Atout « direct et concret », comme dit Gilles van Kote, ancien directeur du Monde, le droit d’agrément contrarie le Tchèque, qui n’imagine pas Xavier Niel, comme Matthieu Pigasse, accepter que l’on donne au pôle le droit de récuser un actionnaire de la holding. D’où sa non réponse aux Echos sur le sujet. S’il entreprenait de co-contrôler Le Monde, il ne pourrait faire l’économie de présenter devant les comités d’entreprise un plan stratégique qui serait ensuite soumis au vote des 1500 salariés.

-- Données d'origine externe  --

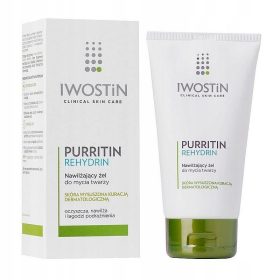   Gel de curățare facială hidratant Iwostin Purritin Rehydrin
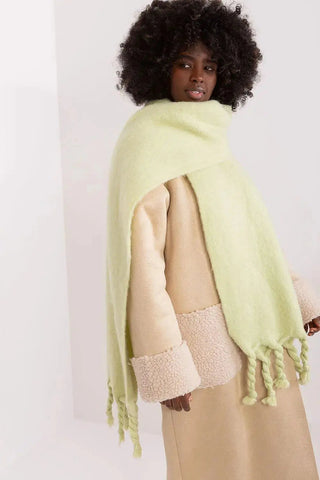 AT long, smooth-textured shawl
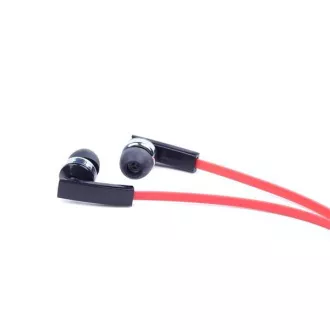 GEMBIRD fejhallgató mikrofonnal MHS-EP-OPO MP3-hoz, lapos kábel, fekete
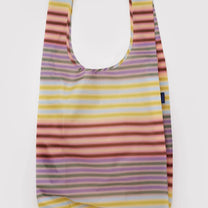 BAGGU - BIG BAGGU Große Einkaufstasche • Gradient Stripe Multi - ROSA ECK
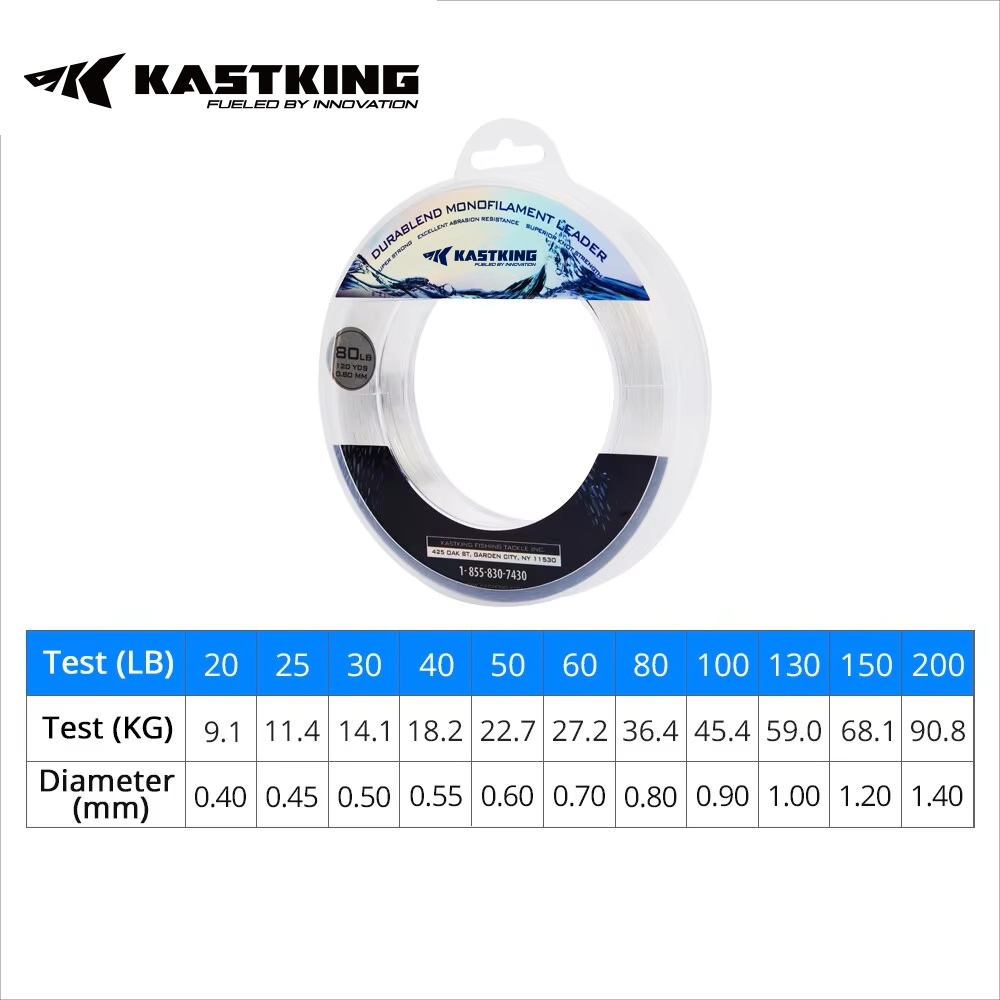 KastKing 20-200LB 110M 0.40-1. - Copolymer Line 리뷰 및 가격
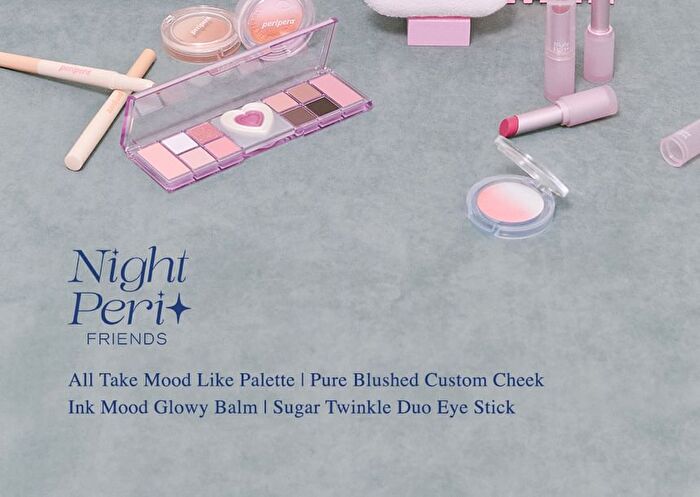 peripera All Take Mood Like Palette Night Peri Friends Edition - #04 Cool Blush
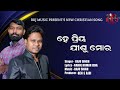 ହେ ପ୍ରିୟ ଯୀଶୁ ମୋର |He Priyo Jisu Moro || Raju Singh || Rahul KumarJena||New Odia Song |RKJ MUSIC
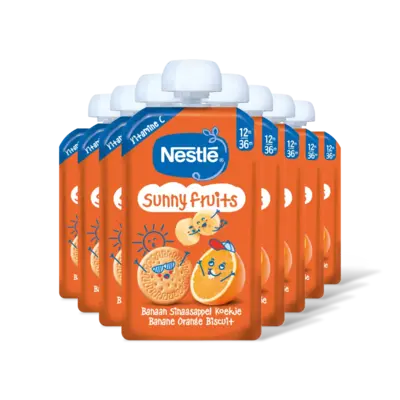 pdp-image-Nestlé Sunny fruits knijpfruit banaan 12m+ 8-pk
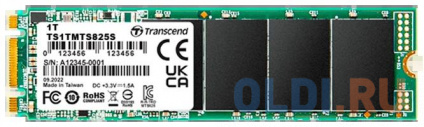    SSD M.2 Transcend 1.0Tb MTS825 &lt;TS1TMTS825S&gt; (SATA3, up to 550/500MBs, 3D NAND, 360TBW, 22x80mm)  -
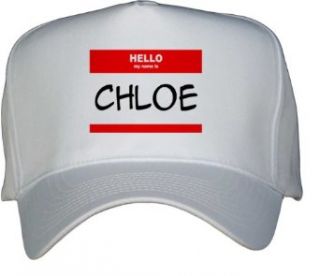 HELLO my name is CHLOE White Hat / Baseball Cap Clothing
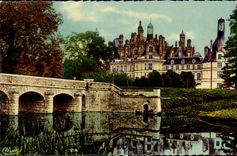 CPA Chambord Le pont sur le Casson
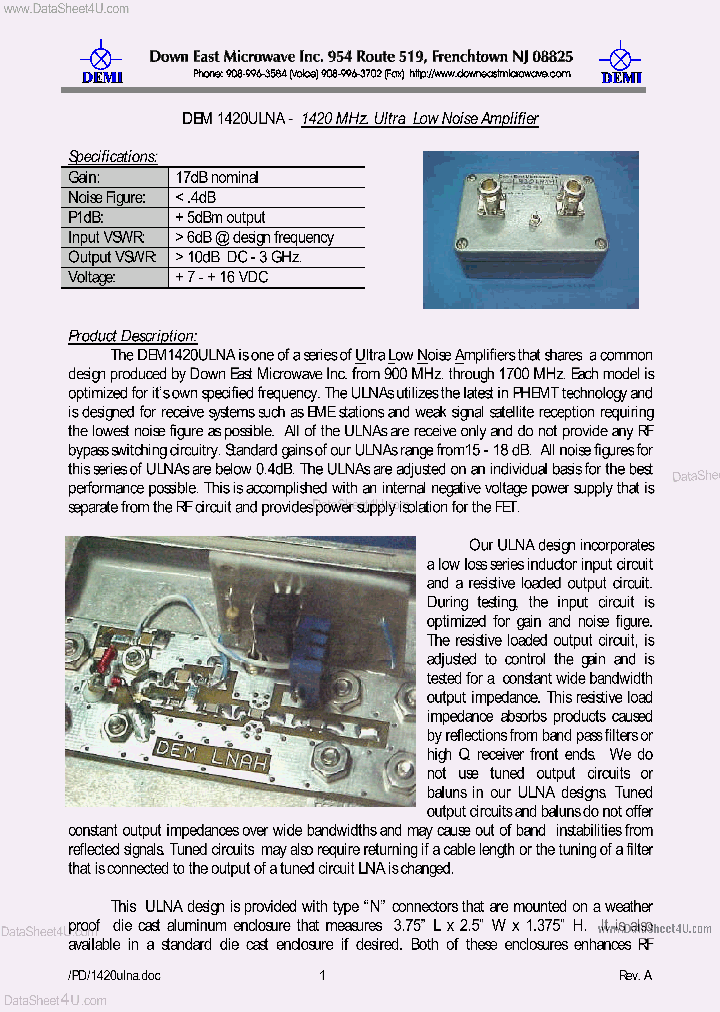 DEM1420ULNA_40945.PDF Datasheet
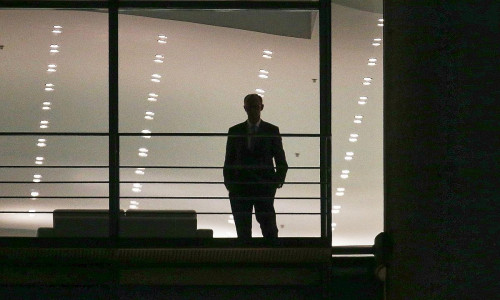 Friedrich Merz zum ersten Mal im Kanzlerbüro am 06.05.2025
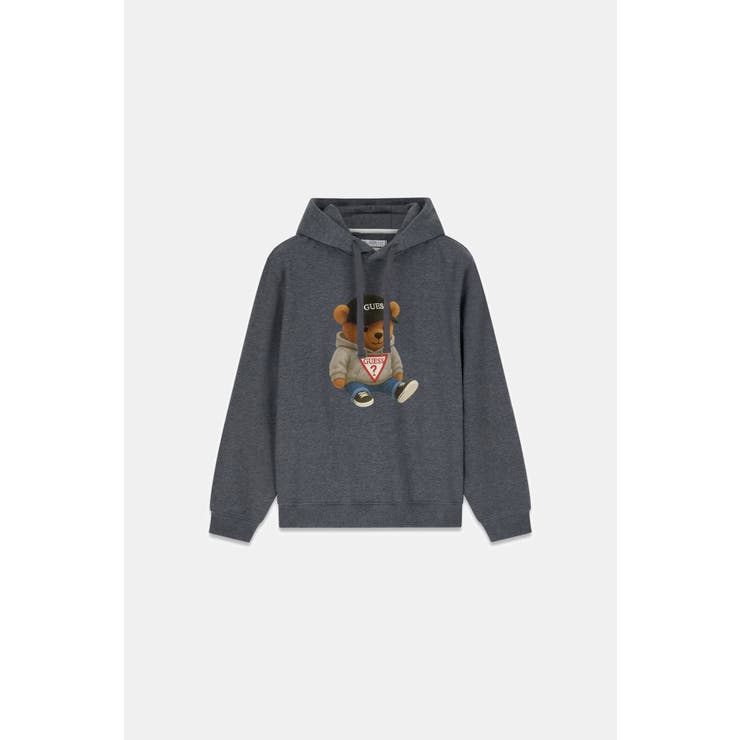 [GUESS] TEDDY Bear Melange Hoodie | GUESS【MEN】 | 詳細画像5 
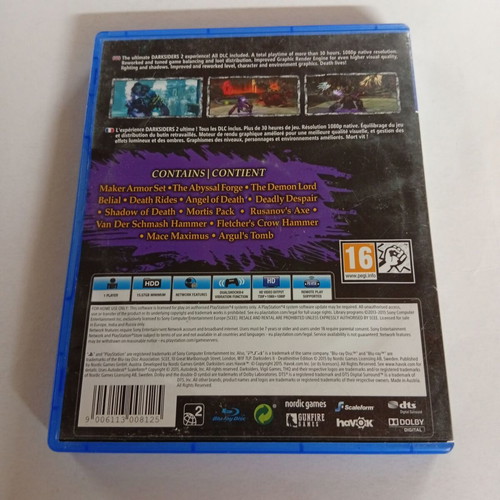 Darksiders II Deathinitive Edition used for PlayStation 4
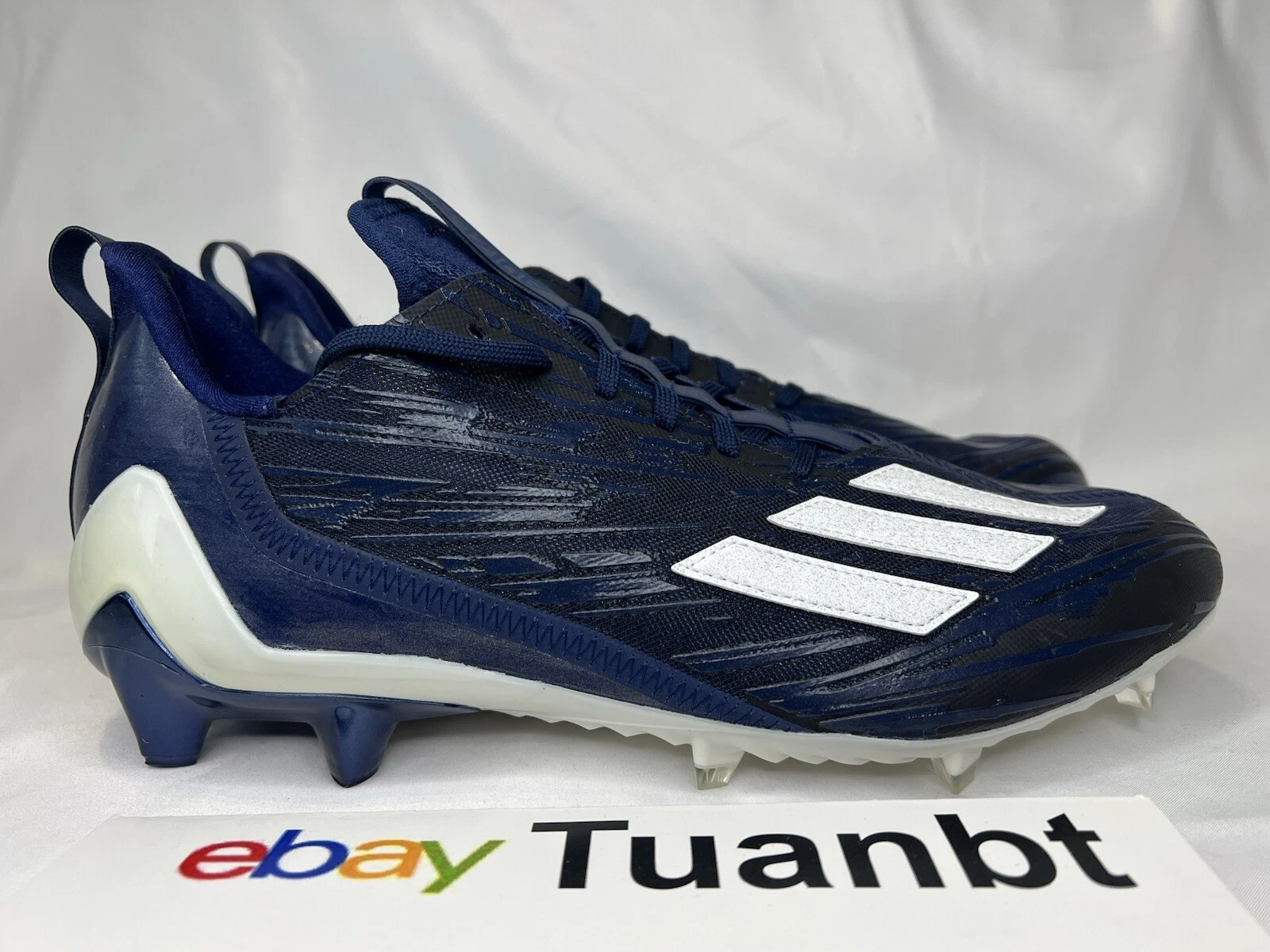 NUOVISSIME tacchetti calcio Adidas Adizero uomo blu navy bianco HR1604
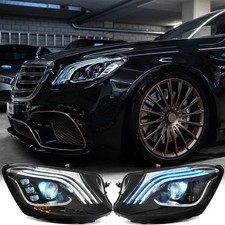 VLAND FULL LED Headlights Upgrade Style DRL For 2014-2017 Mercedes Benz S-Class picture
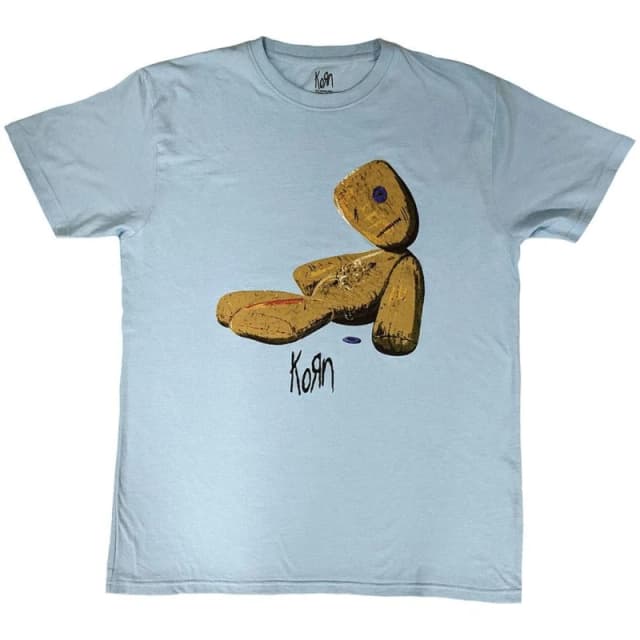 Korn Korn Men Issues Rag Doll T-Shirt in Light Blue Size: Medium Light Blue M Male 5063806651116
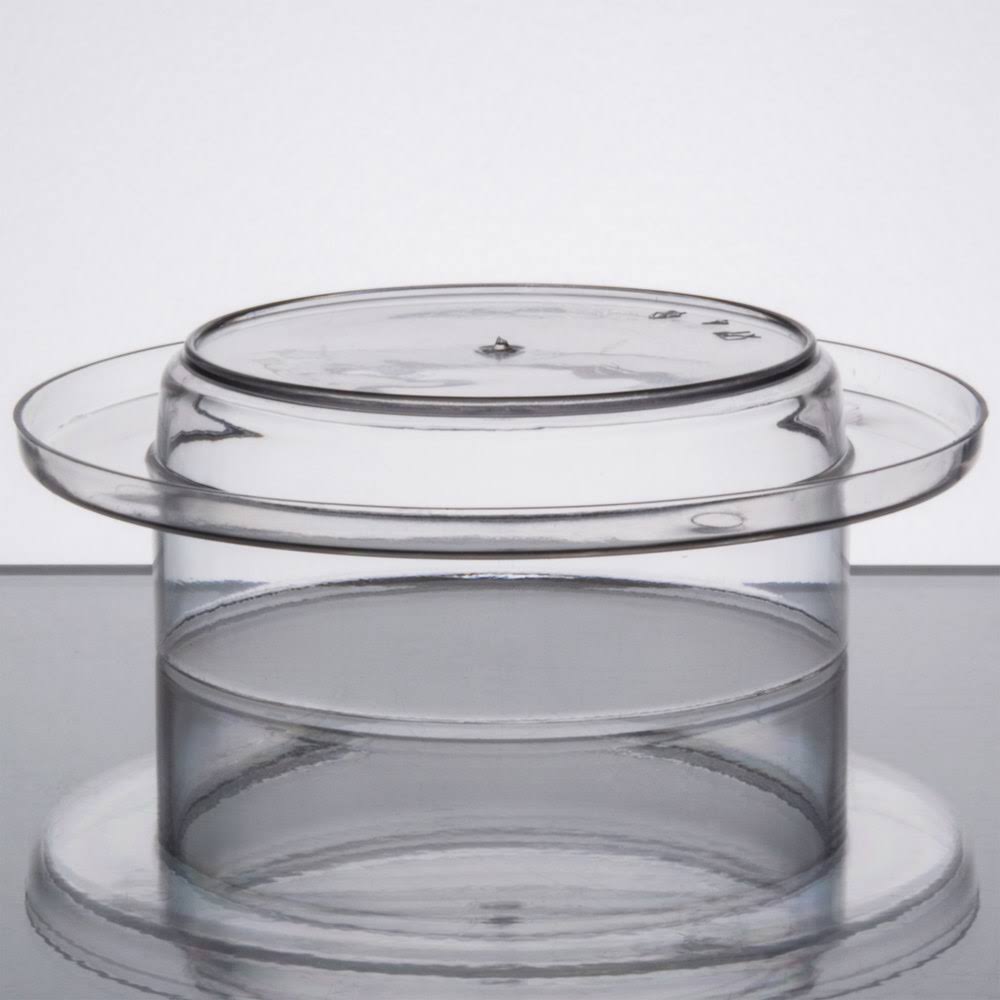 2 oz Clear Round Tray with Lid, 120/Case E6060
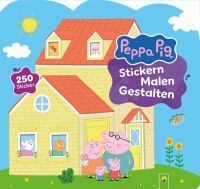 Naumann & Göbel Verlagsgesellschaft Peppa Pig Stickern Malen Gestalten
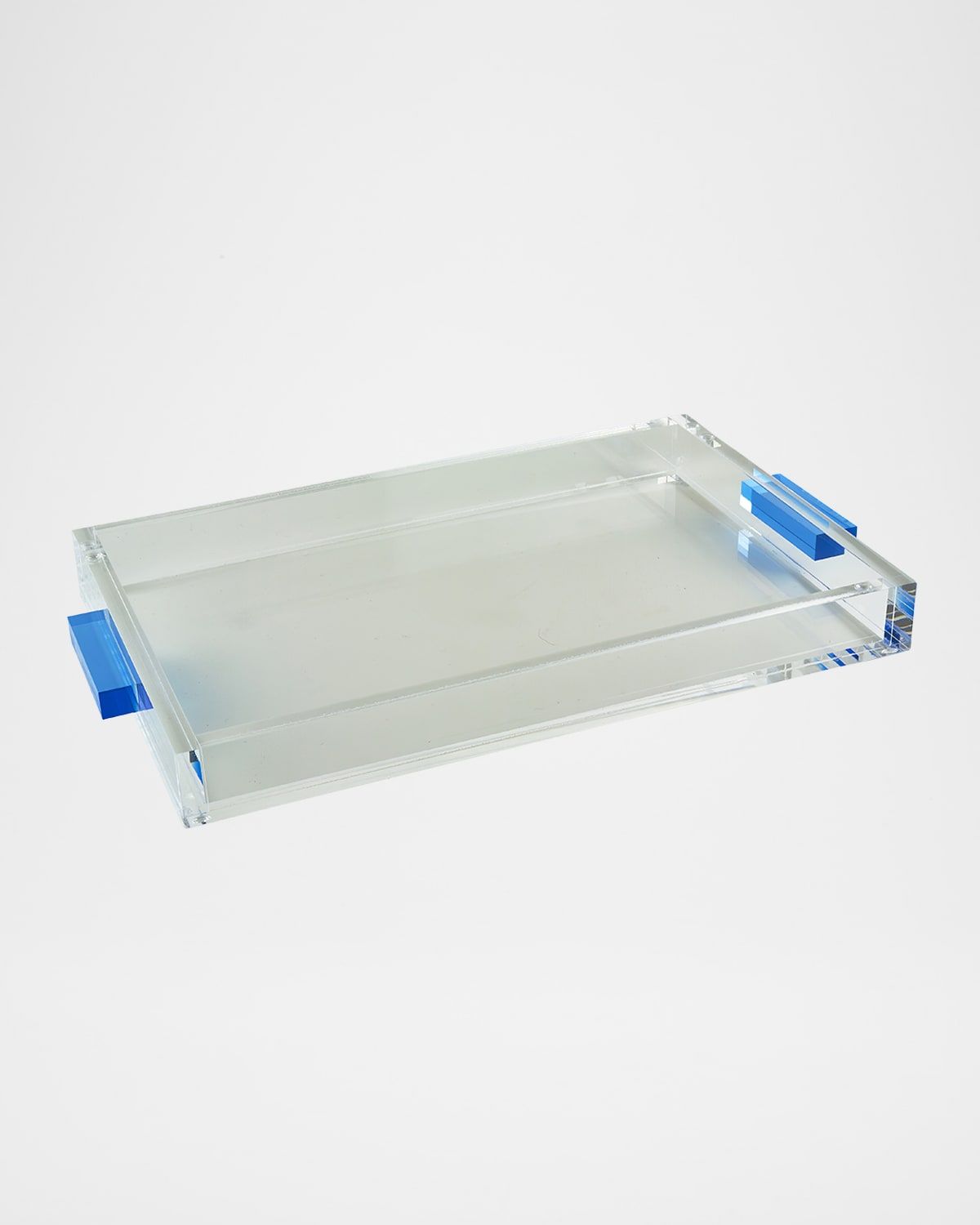Clear Lucite Tray with Handles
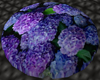 PURPLE FLOWER UMBRELLA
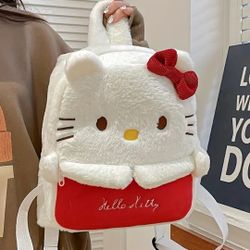 Small 10" Hello Kitty Plush Backpack 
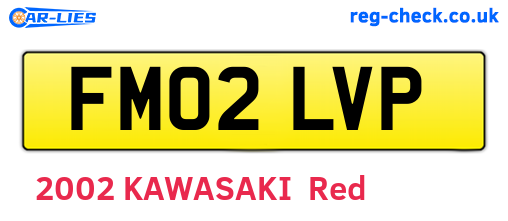 FM02LVP are the vehicle registration plates.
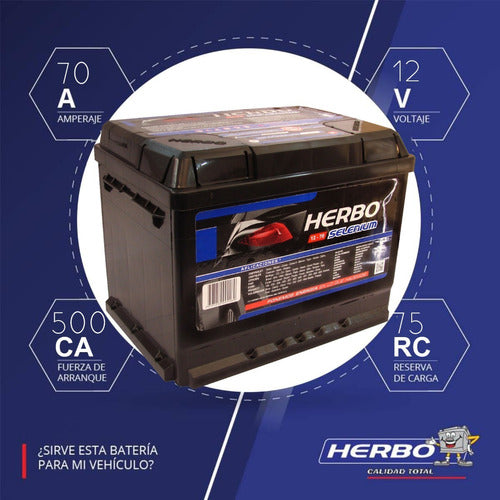 Herbo Selenium 12x70Ah 1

S’il franchit le Rubicon, Daniel Kretinsky verra refleurir tous les soupçons autour de son empire EPH, aux 25 000 salariés. Un accord avec Gazprom, qui court jusqu’en 2029, lui permet de transporter du gaz russe via son gazoduc Eustream acquis auprès d’E.ON et GDF. Cela suffit pour faire de lui un symbole de cette nouvelle classe dirigeante affairiste d’Europe de l’Est liée à des intérêts russes. Et ce, même s’il a acheminé du gaz à l’Ukraine en pleine guerre du Donbass, au nez et à la barbe de Poutine.

Le capital du Monde

Il est détenu à 25 % par le pôle d’indépendance et à 7 5% par une holding baptisée Le Monde Libre et détenue à 26,6 % par Le Nouveau Monde (holding de Matthieu Pigasse pour 51 % et Daniel Kretinsky pour 49 %), 26,6 % par Xavier Niel, 26,66 % par Madison Cox, héritier de Pierre Bergé jusqu’à la revente de ses parts et à 20 % par le groupe espagnol Prisa. Seuls deux actionnaires, Matthieu Pigasse et Xavier Niel ont un droit de vote. Le groupe Prisa n’a que la possibilité de nommer deux personnes au conseil de surveillance sur les dix représentants.